PROBLEM TO SOLVE: Output every entry exactly, without any pictures.

Extracted data entries

--------------------

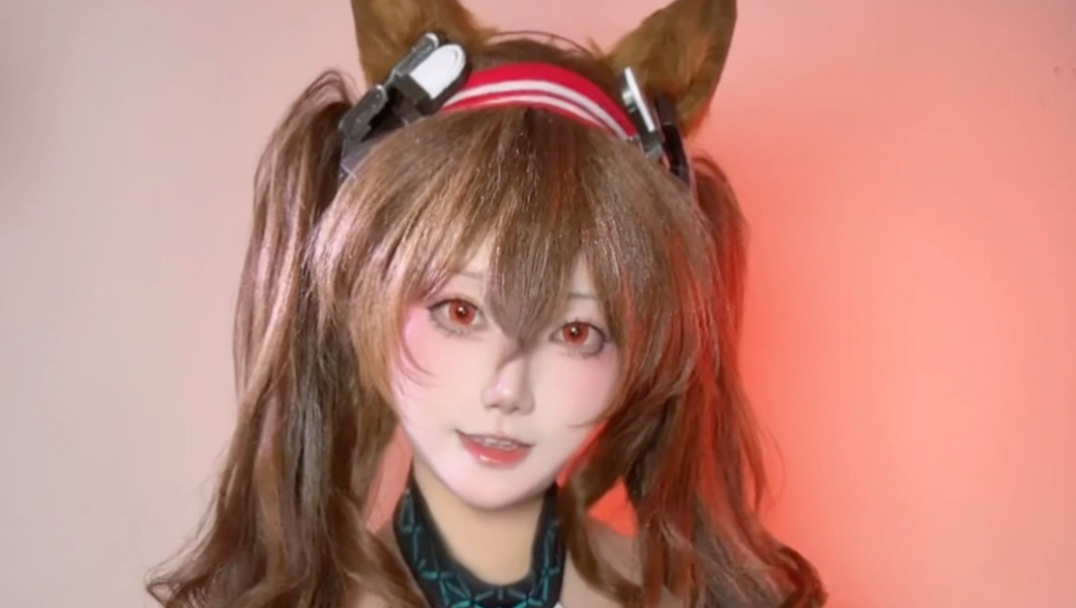 【明日方舟cos安洁莉娜】跳给我宝看的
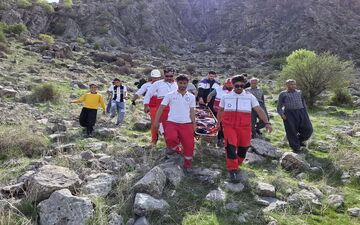 انجام ۱۱۹ عملیات امداد و نجات توسط هلال‌احمر کرمانشاه در فروردین سال‌جاری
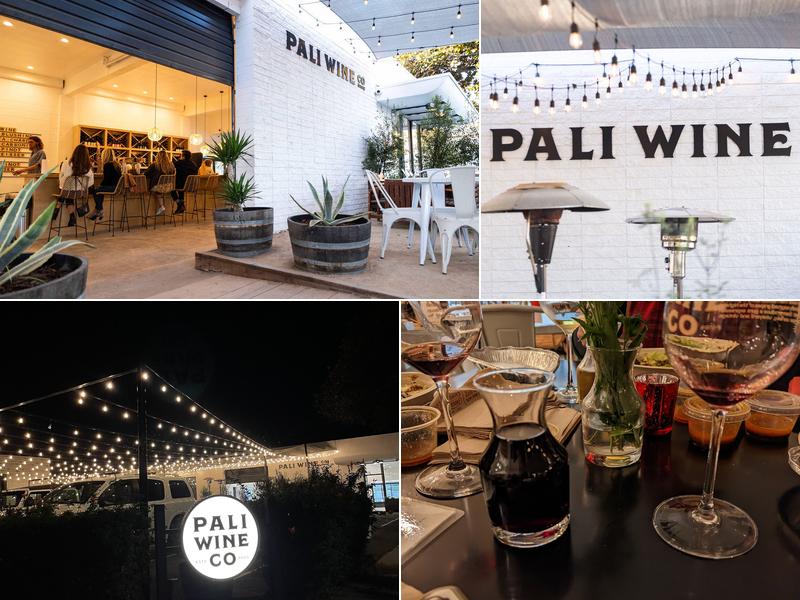 Pali Wine Co. Wine Garden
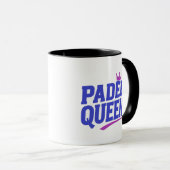 Padel-Königin Tasse (VorderseiteRechts)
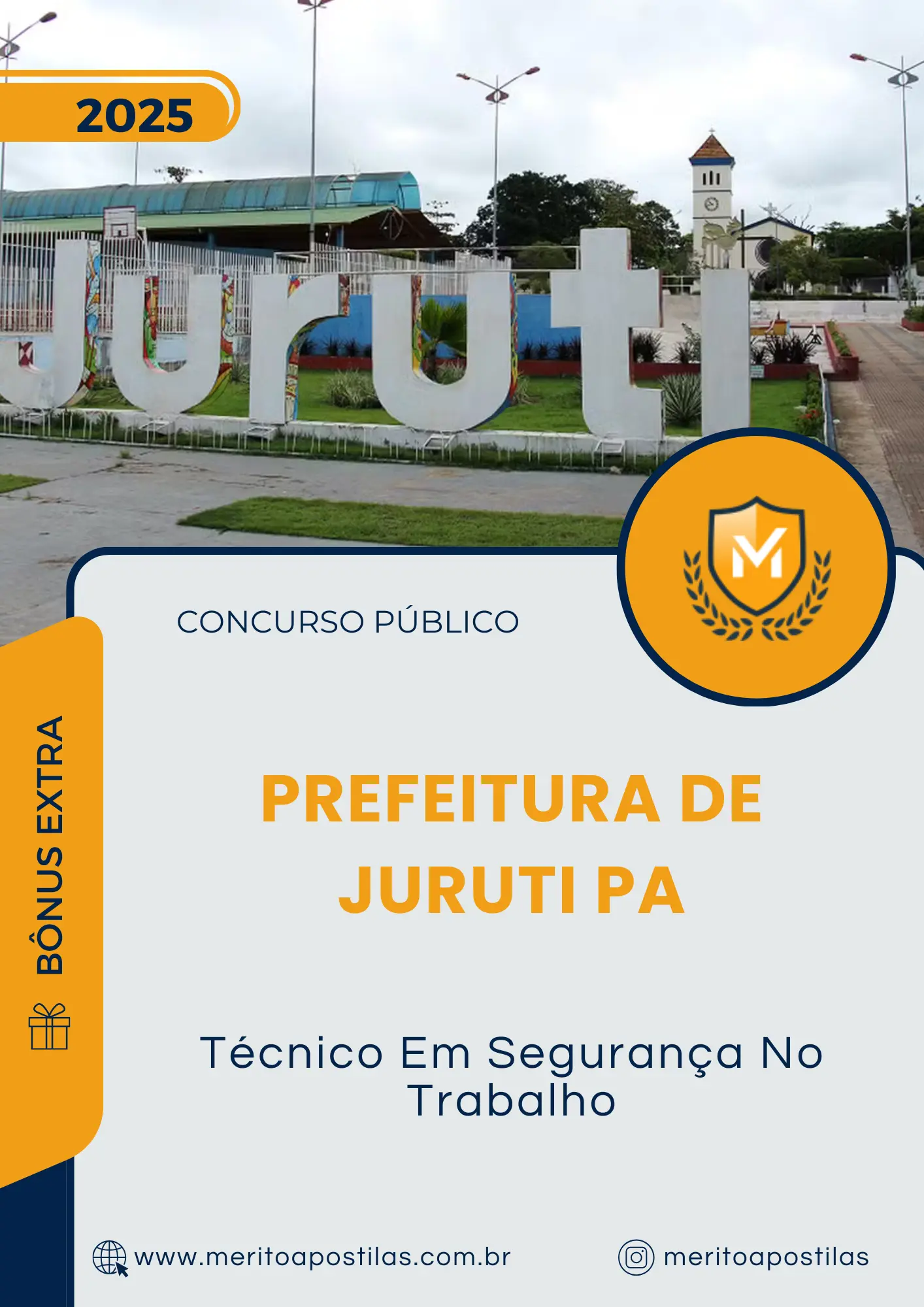 Apostila Técnico Em Segurança No Trabalho Prefeitura de Juruti PA 2025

--------------------

RESULT BELOW:
 【明日方舟cos安洁莉娜】跳给我宝看的
 انجام ۱۱۹ عملیات امداد و نجات توسط هلال‌احمر کرمانشاه در فروردین سال‌جاری
 Pali Wine Co. Wine Garden
 Padel-Königin Tasse (VorderseiteRechts)
 Apostila Técnico Em Segurança No Trabalho Prefeitura de Juruti PA 2025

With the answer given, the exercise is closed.